Tuesday, November 24, 2015

Black Friday (1940).

Complications ensue when a criminal's brain is transplanted into a professor. Boris Karloff and Bela Lugosi star, and Curt Siodmak (brother of The Spiral Staircase's Robert Siodmak) is one of the screenwriters.

Monday, November 23, 2015

NMU commemorates Anatomy of a Murder.

Via various items posted online, the Northern Michigan University archives are commemorating Anatomy of a Murder by attorney, writer, fisherman, and Michigan Supreme Court justice John D. Voelker (1903–91). Voelker successfully defended Army lieutenant Coleman Peterson, who was accused of killing tavern owner Mike Chenoweth in 1952. Voelker then turned the case into fiction; the book was published by St. Martin's Press in January 1958 under Voelker's pseudonym, Robert Traver. It became a well-regarded film in 1959 with Jimmy Stewart, Lee Remick, Ben Gazzara, and George C. Scott. In 2013 ABA Journal selected Anatomy of a Murder as one of 25 greatest law novels.

NMU online materials:
• Read transcripts from the Peterson trial
• See photos of principals such as Voelker and Peterson
Listen to interview with juror Max Muelle

Tuesday, November 17, 2015

The Cat and the Canary (1939).

Paulette Goddard encounters
something unexpected in
The Cat and the Canary
In The Cat and the Canary, Paulette Goddard will inherit a sizable fortune if she does not go mad within a month, and relatives are intent on helping that along. Bob Hope and Gale Sondergaard also star. Based on a play by John Willard, it previously was adapted as a 1927 silent film and subsequently as a 1978 film with Honor Blackman, Edward Fox, and Wendy Hiller.

Monday, November 16, 2015

Ernest A. Young, detective dime novelist.

Ad including books by
Harry Rockwood, pseudonym
of Ernest A. Young
Brandeis Special Collections highlights its newly acquired papers of Massachusetts resident Ernest A. Young (1858–1936), who was known for his detective dime novels under pseudonyms such as Harry Rockwood. His works include Harry Pinkurten, the King of Detectives (1882) and Clarice Dyke, the Female Detective (1883). 

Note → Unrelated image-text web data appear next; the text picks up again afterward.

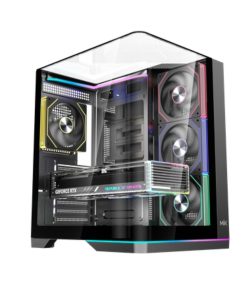 Vỏ Case MIK G8 NOVA X Black | ATX, Kính cường lực, Đen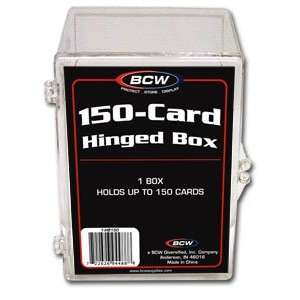   & Sport Trading Card Hinged Boxes   150 Count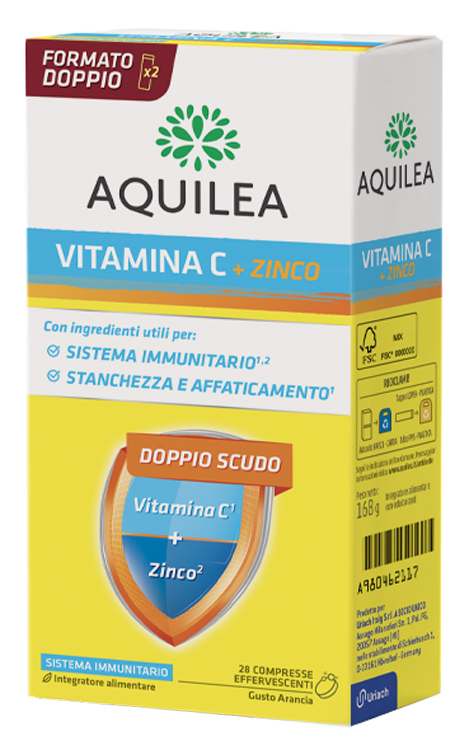AQUILEA VITAMINA C 14 COMPRESSE EFFERVESCENTI BIPACK - Farmacia Nuova Dr.ssa Gabriella Catellani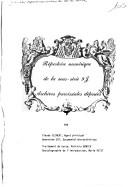 Cover of: Répertoire numérique de la sous-série 9 J: archives paroissiales déposées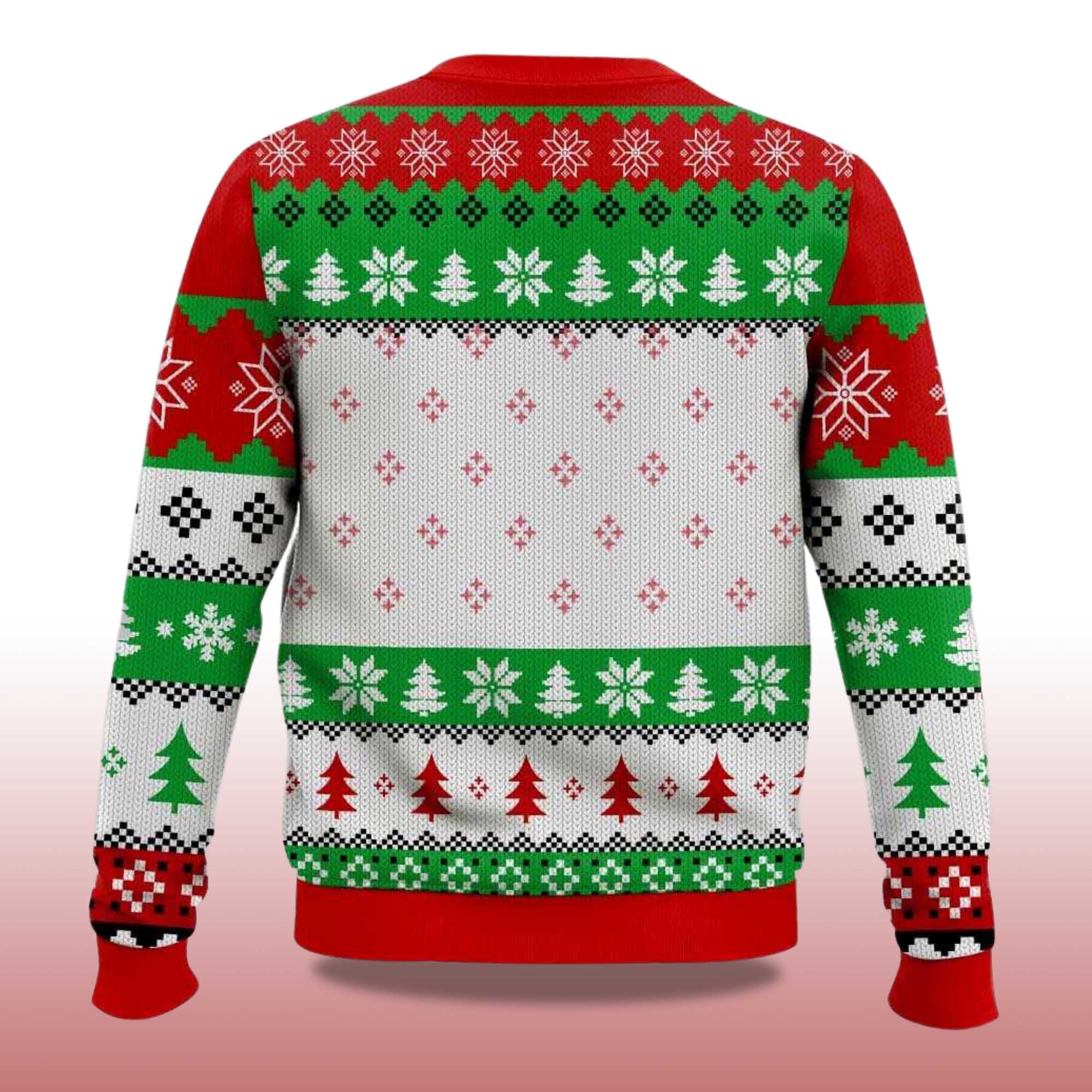2025 Billie Eilish I Could Eat That Girl For Lunch Christmas Ugly Sweater - Image 2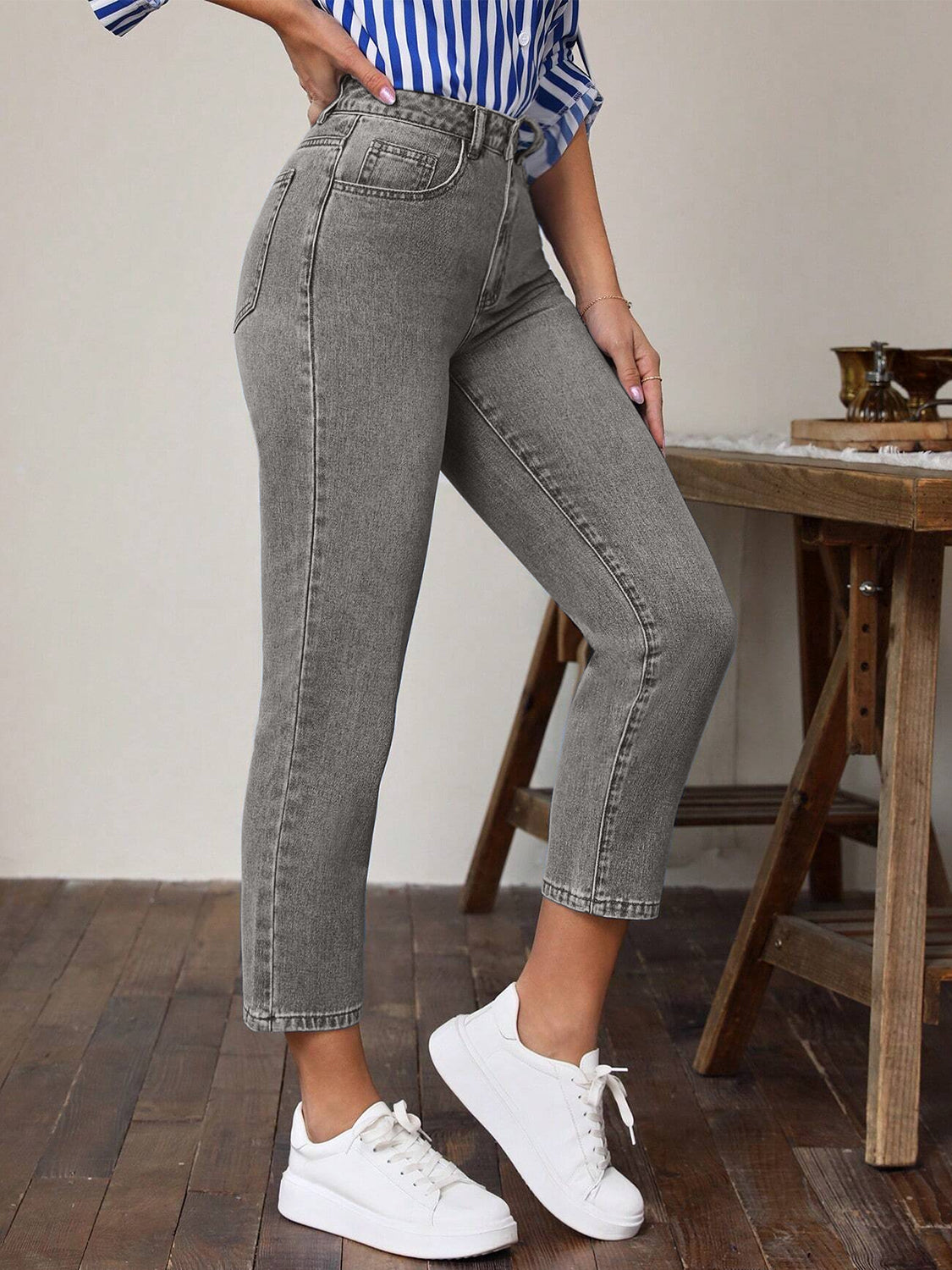 Women's Multipcket High Waist Jeans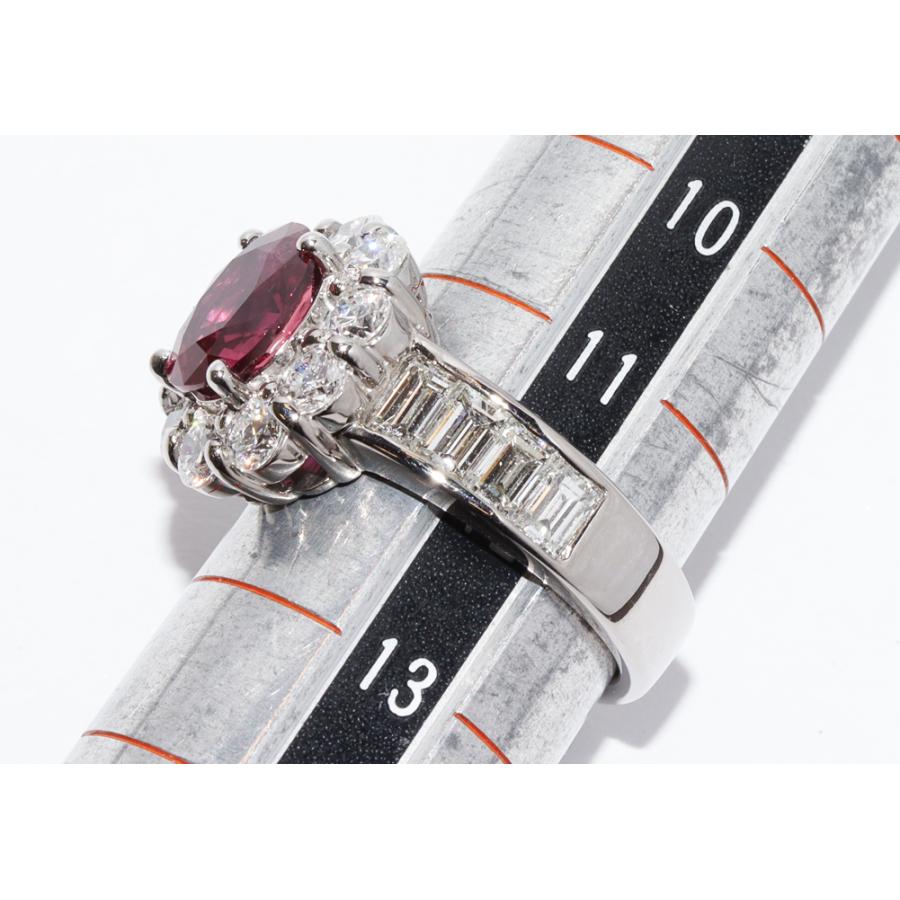 K18WG ルビー✖️ダイヤモンドリング　サイズ10号 指輪 K18WG ルビー2.180ct ダイヤ2.40ct : たかみ質店 Yahoo!店 - 通販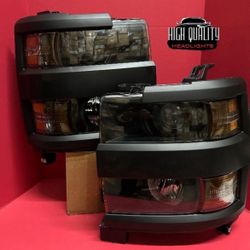 Chevy Silverado 2015. 2019 headlights.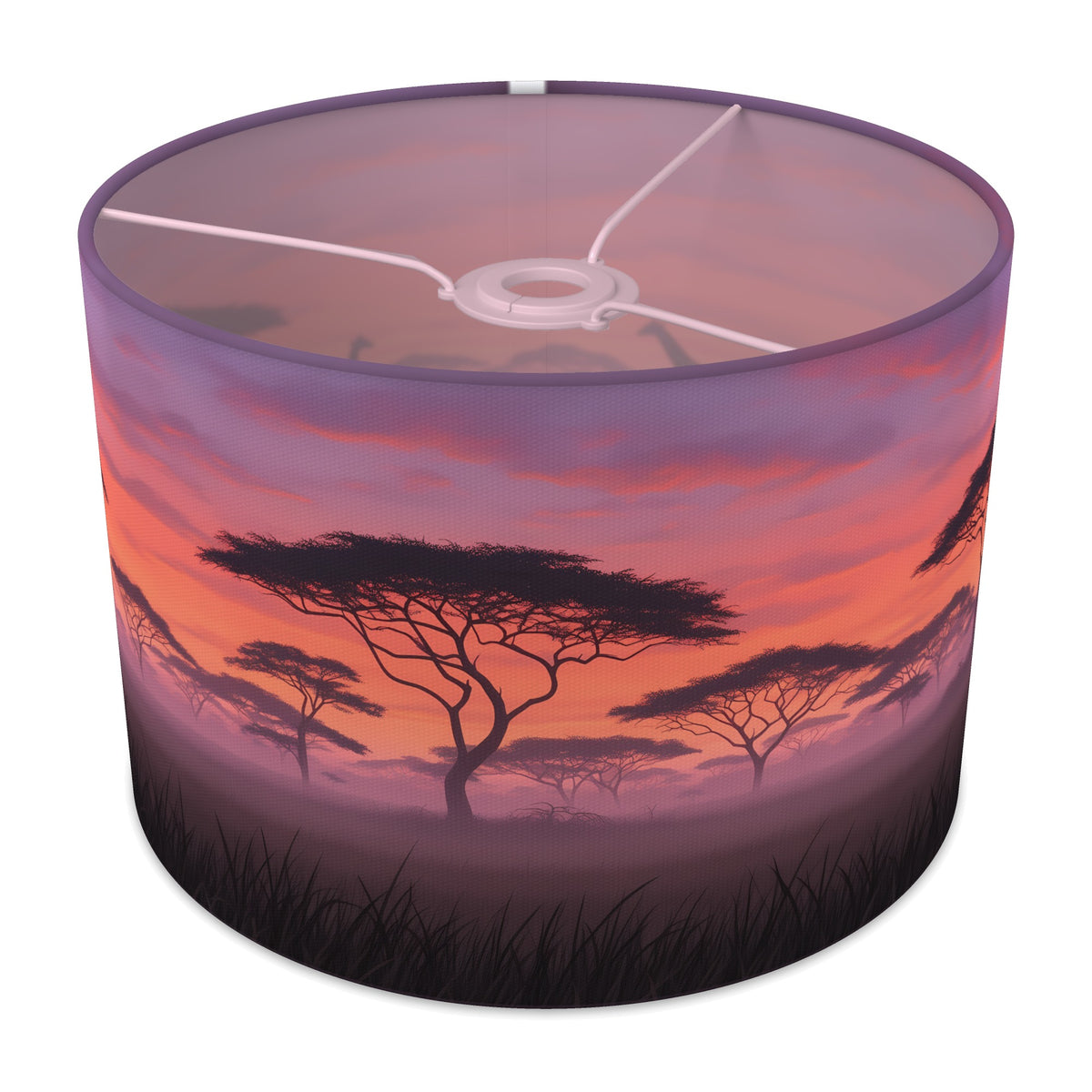 Savannah Dusk Savannah Safari lampshade - 30cm x 21cm Ceiling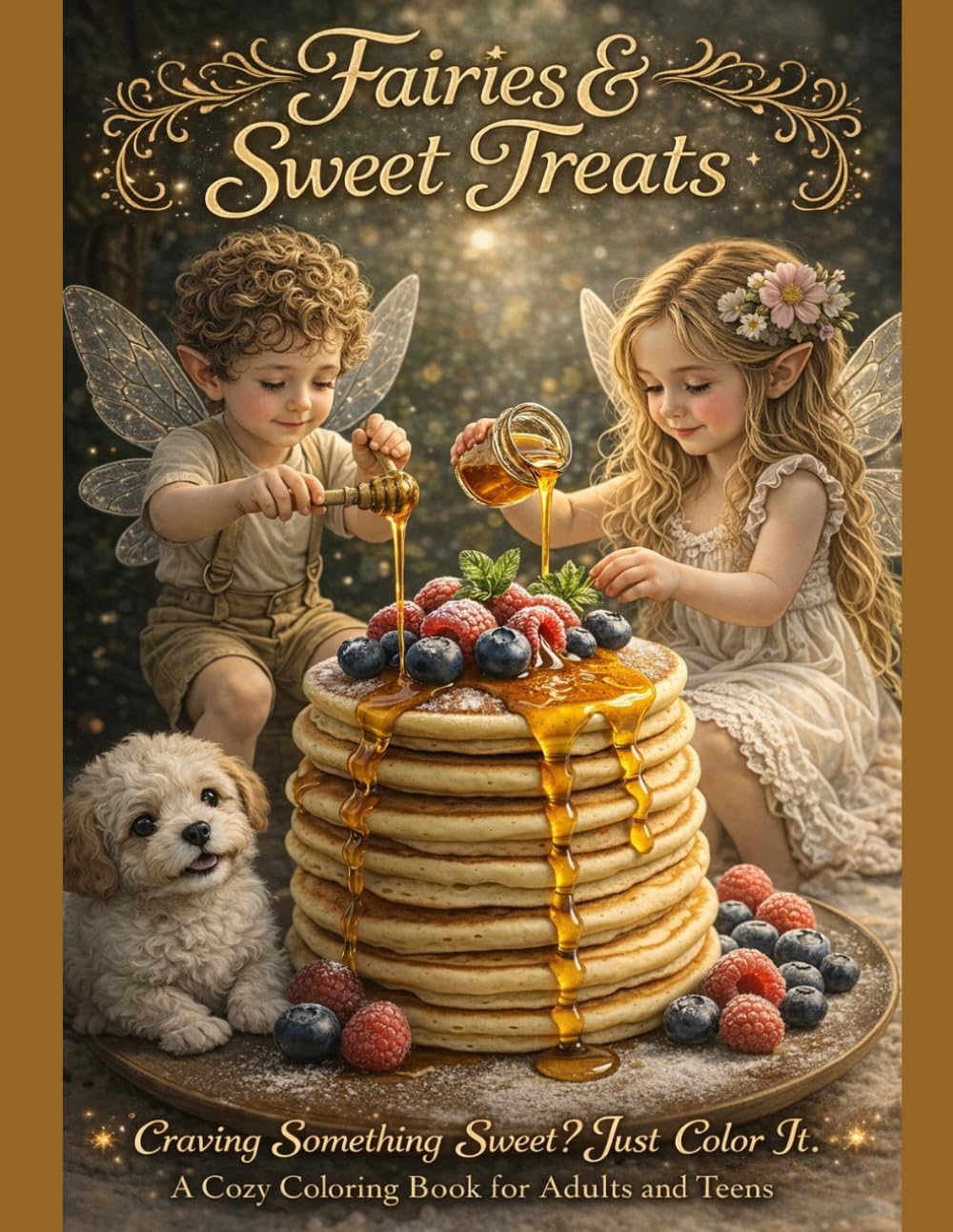 Fairies & Sweet Treats: Craving Something Sweet? Just Color It . A Cozy Coloring Book for Adults & Teens with Magical Desserts and Fantasy Fairies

Tuesday, November 10, 2015

Kid Glove Killer (1942).

In Kid Glove Killer, police lab chief Van Heflin analyzes crime scene evidence from the murder of the city mayor, abetted by a lively Marsha Hunt. Fred Zinnemann (High Noon, From Here to Eternity) directed the film.

Monday, November 09, 2015

The return of pioneering PI Race Williams.

Altus Press has issued Them That Lives by Their Guns: The Collected Hard-Boiled Stories of Race Williams, vol. 1, with an introduction by Clues contributor Brooks Hefner. The creator of Williams, Carroll John Daly, launched the hard-boiled style with such stories as "The False Burton Combs" (1922) and "It's All in the Game" (1923). "Burton Combs" predates Dashiell Hammett's first story for Black Mask by several months.

Perhaps this collection of 16 stories can help refute the jaw-dropping assertion in the BBC Radio 4 program A Coat, a Hat, and a Gun (hosted by Harriett Gilbert, daughter of British mystery author Michael Gilbert) that the hard-boiled "genre was really invented by ... Hemingway with a short story in 1928 called 'The Killers.'" In fact, "The Killers" is a March 1927 Scribner's magazine short story, which appeared several years after Daly's groundbreaking work.

Thursday, November 05, 2015

Ten Years of The Bunburyist.

Elizabeth Foxwell in an investigative mode.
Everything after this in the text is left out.